Jörg Wöltche begeisterte mit berühmter Orgelsinfonie
Bad Kissingen, Sa. 7. Juni 2014 (klk). Der französische Organist und Komponist Charles-Marie Widor (1844-1937) begründete die neue Orgelschule Frankreichs, machte Paris mit der Orgelkunst Johann Sebastian Bachs bekannt und wurde vor allem als glänzender Improvisator an seinem Instrument bewundert. Seine Orgelsymphonien stellen den Versuch dar, Prinzipien der Orchestermusik auf die Orgel zu übertragen.
Mit der 5. Orgelsinfonie in f-Moll, op. 42 Nr. 1 stand am Pfingstsamstagabend in der Bad Kissinger Erlöserkirche das berühmte Werk Widors auf dem Programm. Ihr letzter Satz (Toccata) ist, neben Johann Sebastian Bachs Toccata und Fuge d-Moll BWV 565, eines der bekanntesten Werke der Orgelmusik. Selbst „Orgelmuffel“ kennen und lieben sie - die Toccata. Weitgehend unbekannt geblieben ist, dass sie nur den Schluss und die Krönung einer veritablen „Symphonie“ bildet, die aus insgesamt fünf farben- und melodiereichen Sätzen besteht.
„Es war wieder einmal an der Zeit, ein großes, anspruchsvolles Werk einzustudieren, und Widor eignet sich ganz gut für die Steinmeyer-Orgel“, sagt Kirchenmusikdirektor Jörg Wöltche. Der erste Satz in f-Moll mit der Tempoangabe variiert ein Thema von marschartigem Rhythmus. [...] Der zweite Satz zeichnet sich durch eine traumhaft schöne „cantabile“ Melodie aus, die in As und A-Dur durchgeführt wird. Die besondere Schwierigkeit liegt darin, dass an einigen Stellen die rechte Hand auf zwei Manualen zugleich zu spielen hat. Schwebungen und zarteste Register kommen zum Einsatz, die Oboe d’Amore wechselt sich mit der schönsten Flöte ab, um die Melodie in allen Variationen zu zelebrieren.
Der dritte Satz ist ein Walzer im Allegretto, der mit verschiedenen virtuosen Pedalsoli glänzt. Der vierte Satz ist ein zartes Adagio, bei dem die deutlich zu hörende Flöten-Melodie im Pedal, am Ende des Satzes dann im rechten Fuß des Doppelpedals liegt. Meditative Ruhe verklingt in zarter Ruhe, bevor das grandiose Finale angestimmt wird.

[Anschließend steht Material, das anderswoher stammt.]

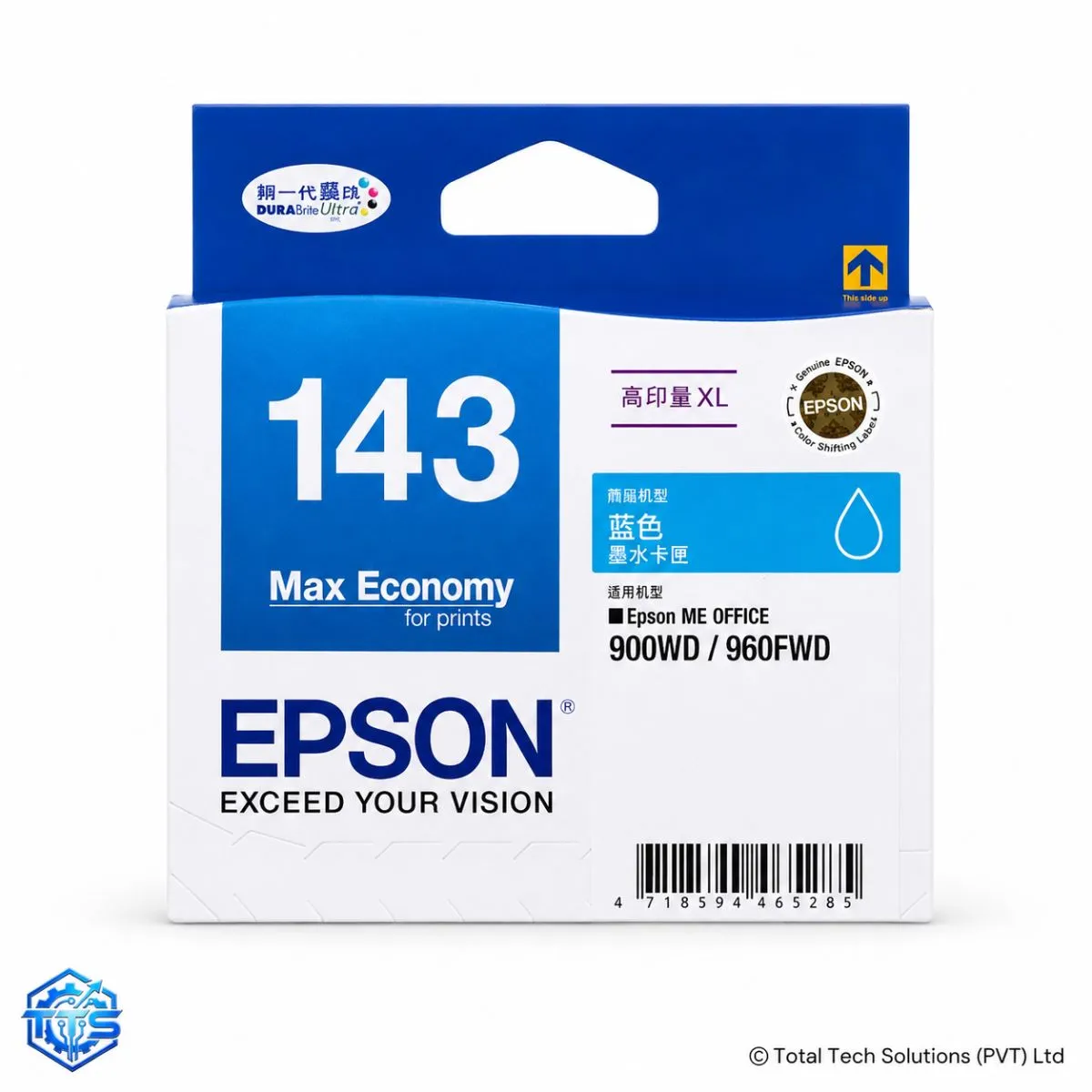 Epson 143 Original Ink Cartridge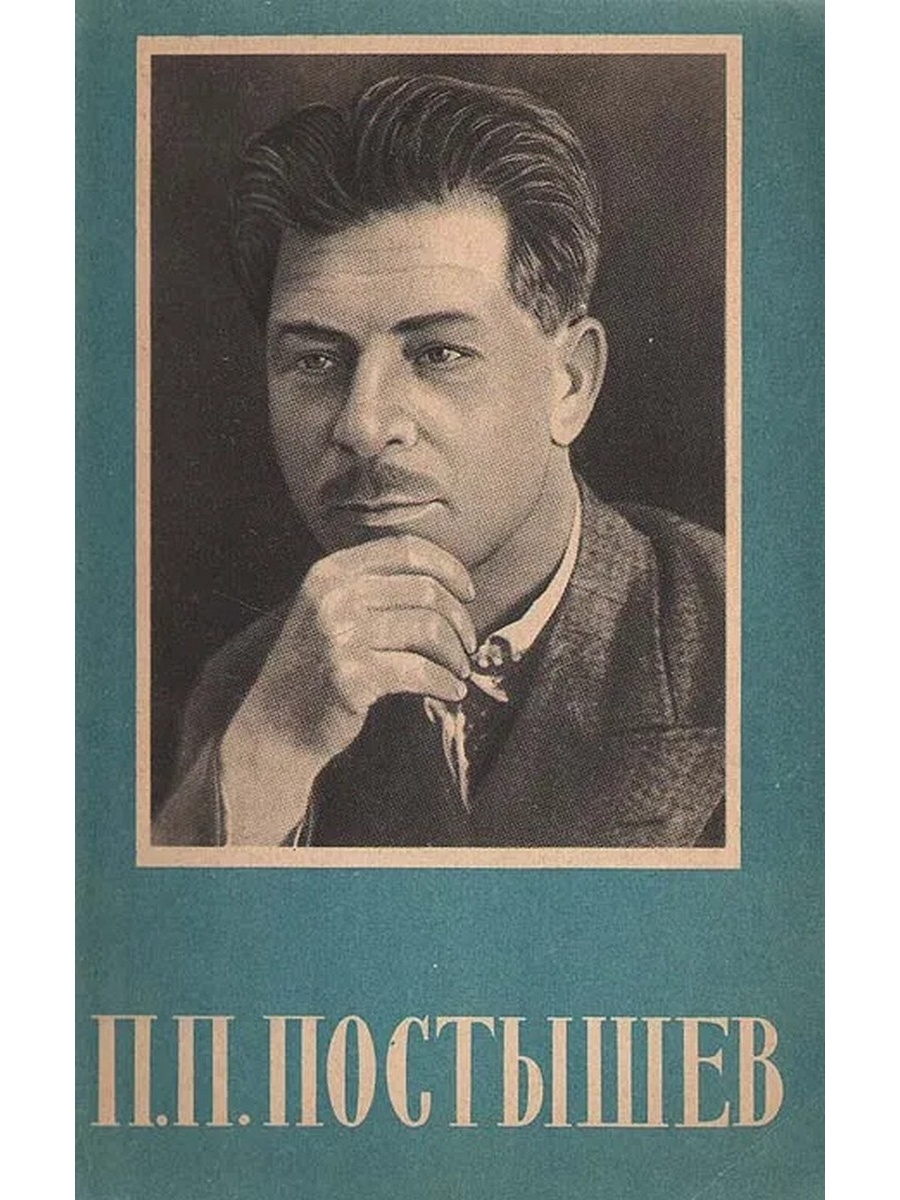 Литература п. П П Постышев. Павел Петрович Постышев. Постышев 1935. Секретарь ЦК Постышев.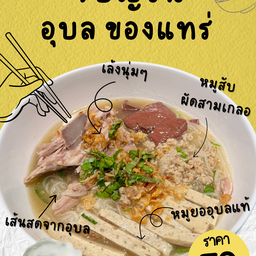 จั๊บญวน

Der fünfte Satz beendet die Sinfonie mit einer triumphalen F-Dur-Toccata im 4/2-Takt. Sein harmonisches und motivisches Material ist einfach. Er beginnt mit schnellen, hohen Sechzehnteln im Manual, die als Perpetuum mobile den Satz unaufhörlich vorantreiben. Kontrastiert wird diese Bewegung durch markante Akkordrepetitionen in der linken Hand. Nach einer ersten Vorstellung des Themas legt sich die Pedalstimme in breiten, Ton für Ton voranschreitenden punktierten Vierteln und Achteln im Abstand von zwei Oktaven darunter.
Virtuos und beeindruckend interpretierte Jörg Wöltche dieses phänomenale Werk. Stimmungsvoll im Detail gut ausgearbeitet bezauberten die eingearbeiteten Melodien und erzeugten ein ausgesprochenes „Gänsehautfeeling“ bei den Zuhörern. „Das Schwerste an diesem Werk war für mich nicht die Musik mit ihren hohen Anforderungen, sondern das physische Durchhalten, weil die Tastatur des Manuals bei dieser Orgel sehr schwergängig ist. Die achtminütige Toccata wurde für eine leichtgängige Orgel geschrieben. Die Stellung des Satzes innerhalb der Orgelliteratur ist einzigartig. In ihm werden alle technischen Innovationen des damaligen Orgelbaus vorgeführt, die ein solch schnelles perpetuum-mobile-Motiv und die fließenden dynamischen Übergänge überhaupt erst ermöglichten - diese technischen Hilfen fehlen allerdings gänzlich bei der Steinmeyer-Orgel“, erläutert Wöltche zum Abschluss. Einziger Wermutstropfen: Dieses melodische, spätromantische Werk hätte mehr Zuhörer verdient.